Murder is hard enough to comprehend at the hands of adults, but when we’re faced with the prospect of children that kill repeatedly, we lose the little façade of control and rationality that we prescribe onto the world. Gitta Sereny’s “Cries Unheard: Why Children Kill: The Story of Mary Bell” is an account from Bell herself, who, at the age of 11, was convicted of killing two young boys. At the age of 38, she tells the story of her upbringing and what drove her to take the lives of two children. Compassion does not come easily to us, despite what we may like to think otherwise. It is even more difficult to feel some sense of pity for those that have done nothing to deserve it. And yet, a reluctant pity will stir some small part of us when reading the account of a sixth grader who consciously makes the decision to take two lives. How much of that account is fabricated to deliberately incite said sympathy and compassion, I’ll leave that up to you to decide.

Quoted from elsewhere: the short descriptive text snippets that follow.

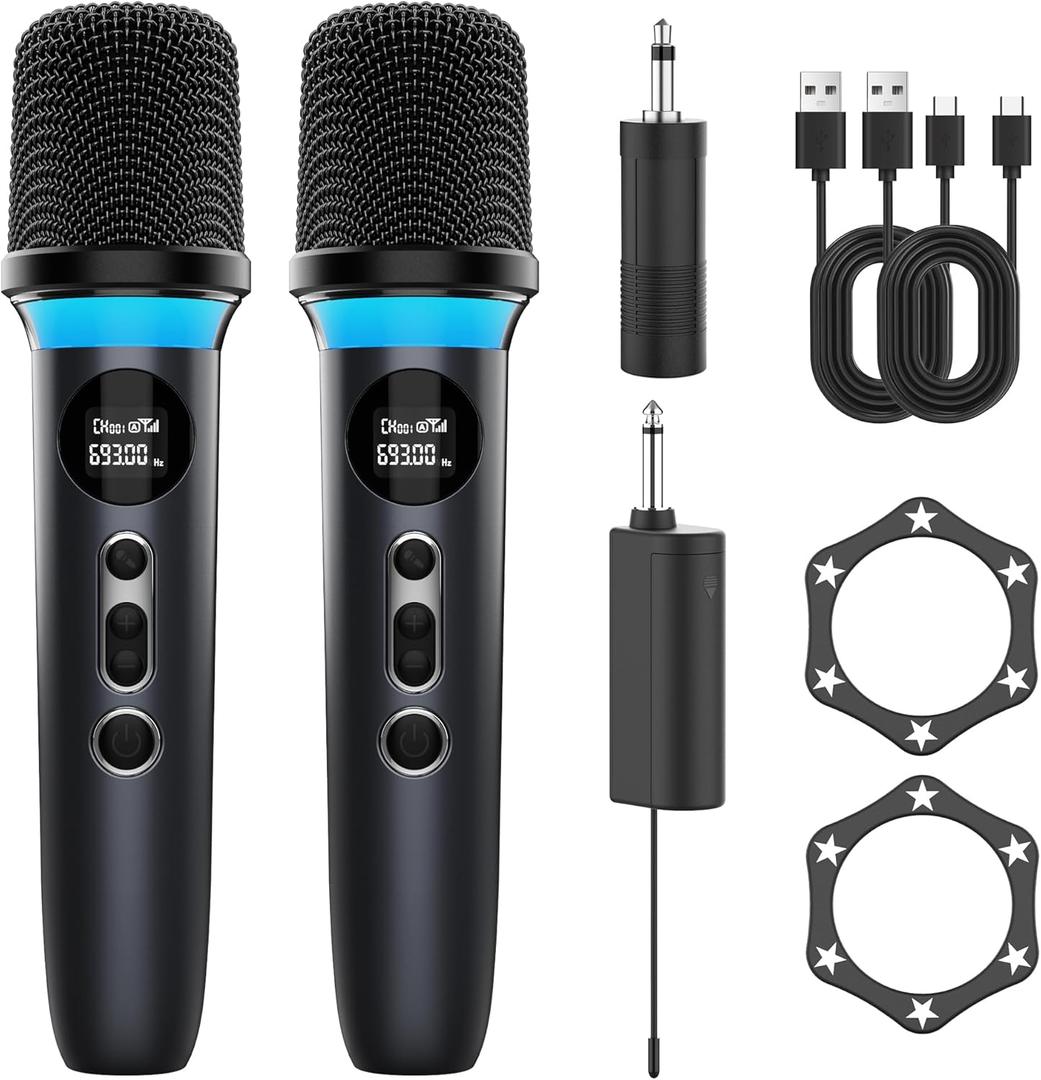 Wireless Microphone, One-Touch Mute & Dynamic RGB Lighting, Professional-Grade Dual Handheld Dynamic Microphone, 200-Foot Ultra-Long Range & 40-Hour Battery Life. for Singing and Family Gatherings.
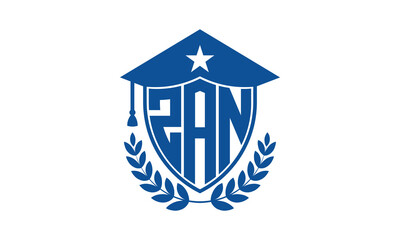 ZAN three letter iconic academic logo design vector template. monogram, abstract, school, college, university, graduation cap symbol logo, shield, model, institute, educational, coaching canter, tech
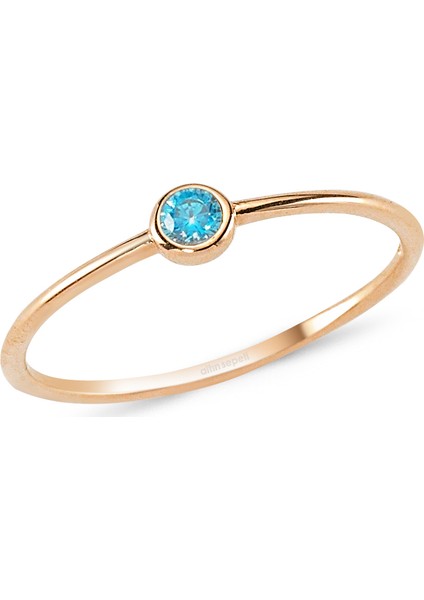 Altınsepeti Rose Altın Yuvarlak Aquamarin Taşlı Yüzük As227Yzr2 11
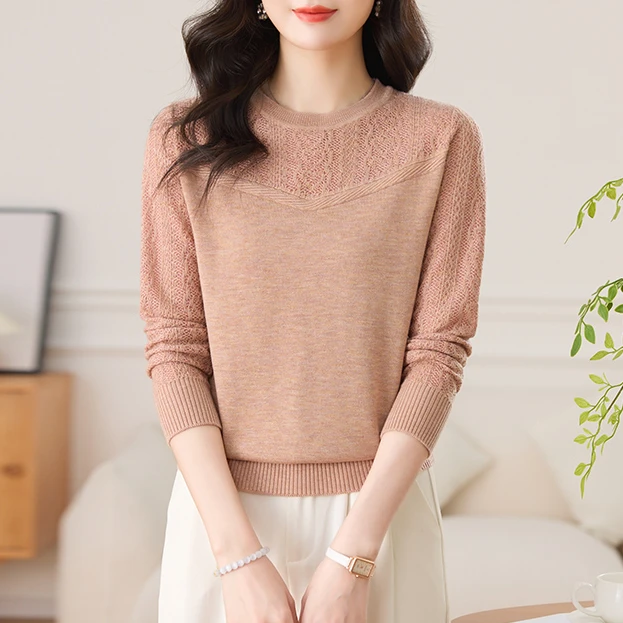 【绵羊毛】镂空设计感2025春秋薄款百搭圆领小衫洋气套头长袖针织衫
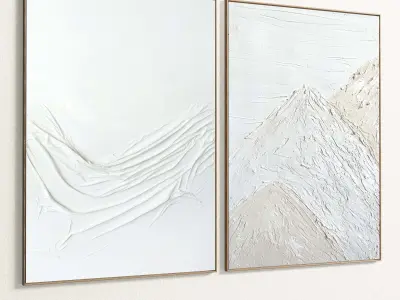 Plaster Two Photo Frame 203 Low-poly 3D model
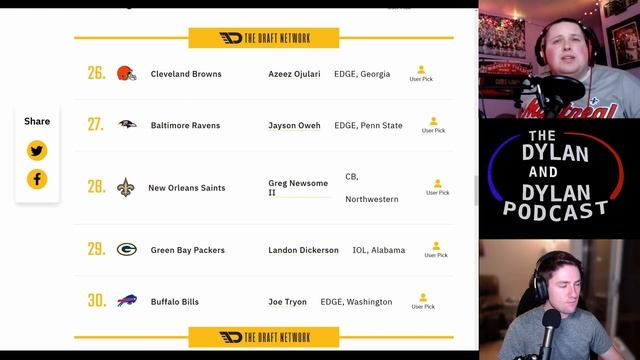 My 2021 Mock Draft 3.0 Picks 21-32 | Dylan and Dylan React смотреть онлайн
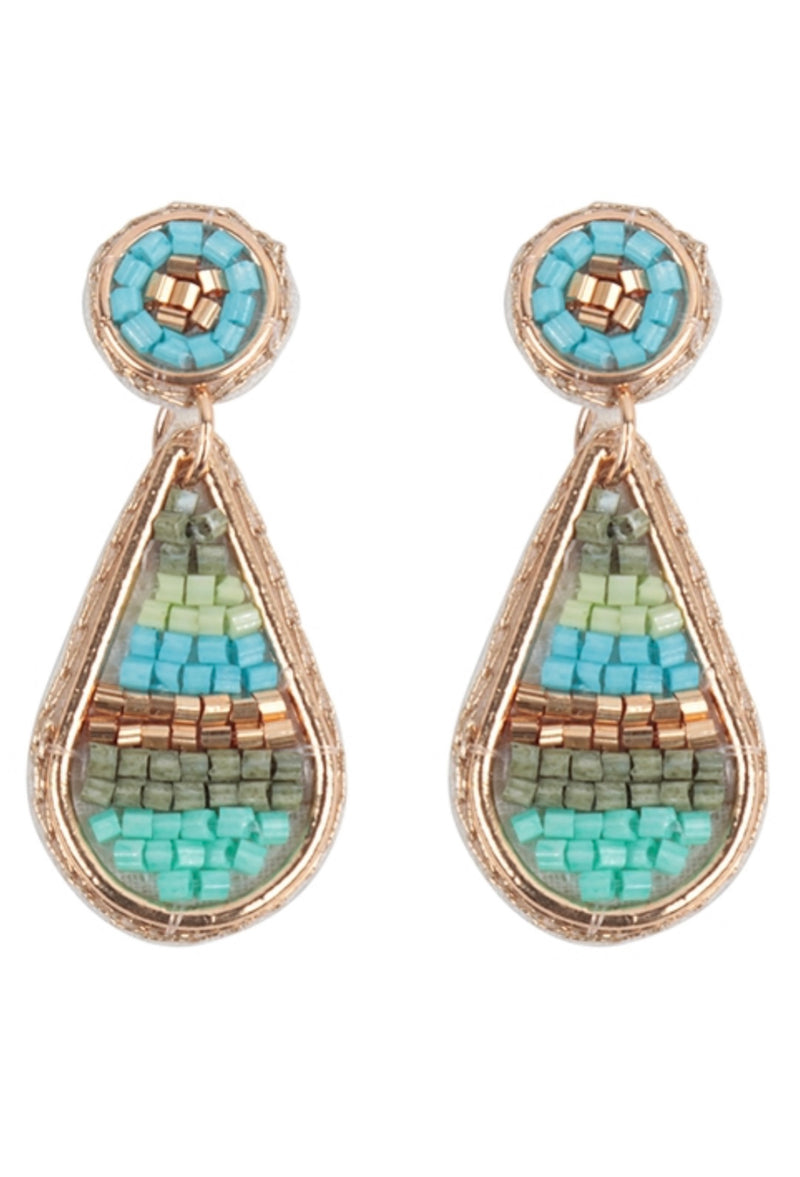 Turquoise Teardrop Beaded Earrings
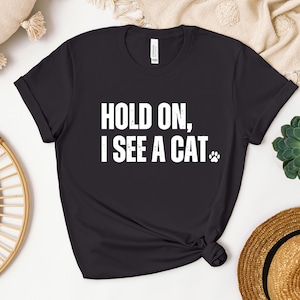 Shirt grappig kattenliefhebber: gemakkelijk afgeleid door katten-T-shirt
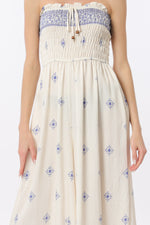 Ivory/Blue Elastic Smocked Jumpsuit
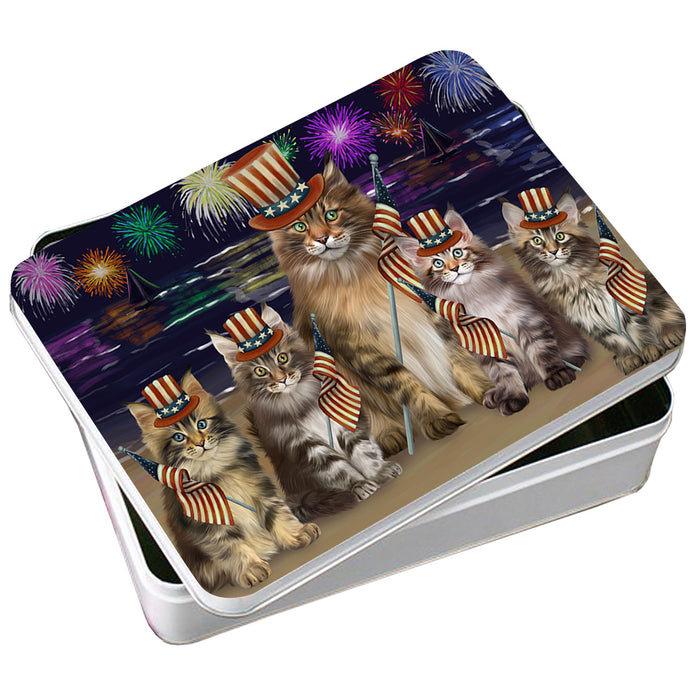 4th of July Independence Day Firework Maine Coon Cats Photo Storage Tin PITN52447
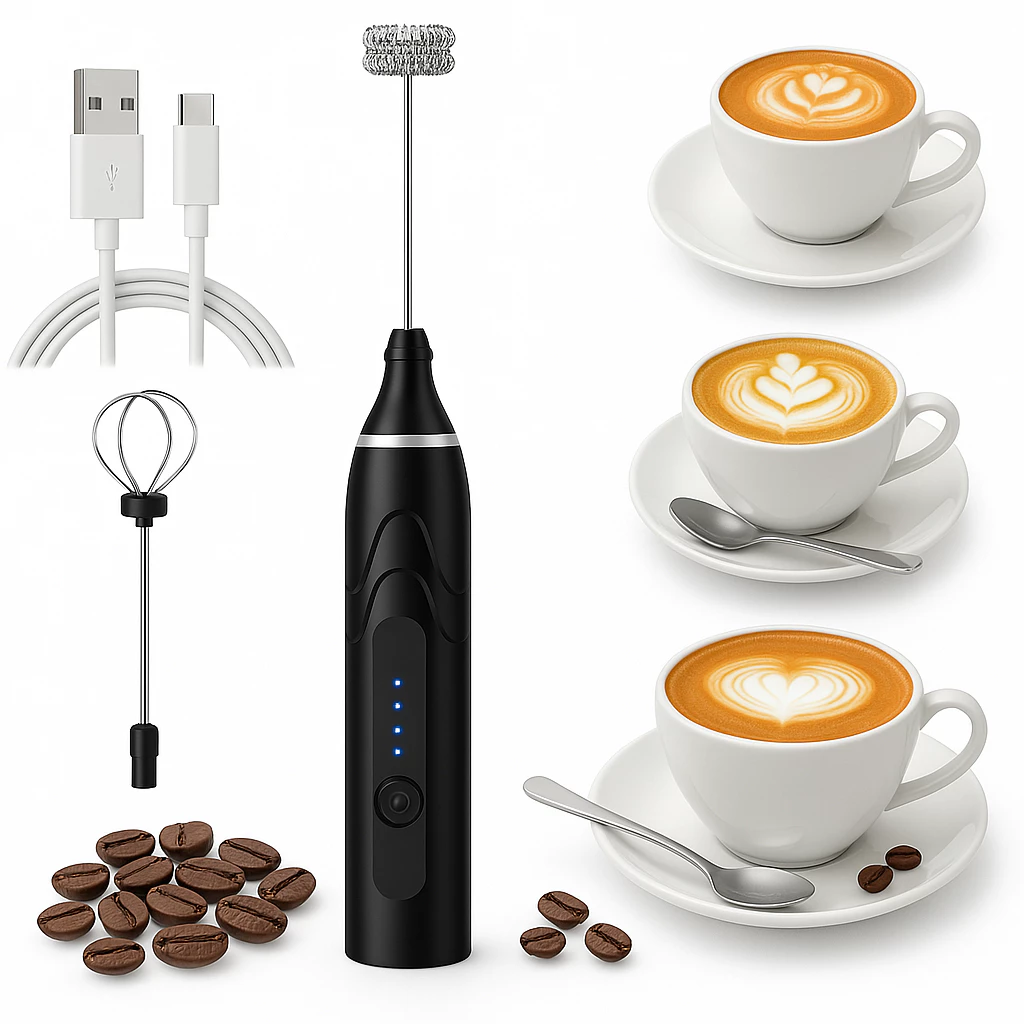 Mini Mixer Portátil USB Recarregável Espumador de Leite e Bebidas para Café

One of the highest functioning psychopaths ever to have been caught, Ted Bundy, is the go-to American household name for serial killers. And while Ann Rule may fall short of being a highly talented and original writer, her fortune of being friends with the charming Bundy while they worked at a suicide hotline together was exhibited in her novel, “The Stranger Beside Me.” The repetitiveness and milieu of clichés in Rule’s writing can be overlooked for the thrill of looking inside the ordinary workings and life of a high-functioning psychopathic serial killer. Living normally among all who knew him, Bundy was the classic All- American male that society was programmed to fawn over. The golden boy had many varied interests, and he utilized them all to achieve every heinous thing his heart desired.

Wisconsin might have harbored Jeffrey Dahmer, but Minnesota isn’t too far behind in its slew of horrific killings either. What perhaps makes Barry Siegel’s “A Death in White Bear Lake: The True Chronicle of an All-American Town” stand out is the little fact that the supposed murderer of a little boy lived out the rest of her life normally, out of prison in her perfect little town. The helplessness which “Cries Unheard” creates within us at the thought of child killers is replaced with frustration in “A Death in White Bear Lake” at a system that took far too long to develop into one that protected children’s rights. The Jurgens adopted a boy in the ’60s who they abused and killed, while authorities and neighbors looked the other way so as not to interfere with a family matter.

Murder shocks and appalls, and yet is a source of endless fascination. Perhaps because such stories highlight the fact that those that murder, those that have within them the ability to end a life, are always around us. We know them, we live with them and we sometimes even love them. We walk right past them every single day. And we never know. Monsters always look like ordinary people. To quote Bundy himself, “We serial killers are are your sons, we are your husbands, we are everywhere.”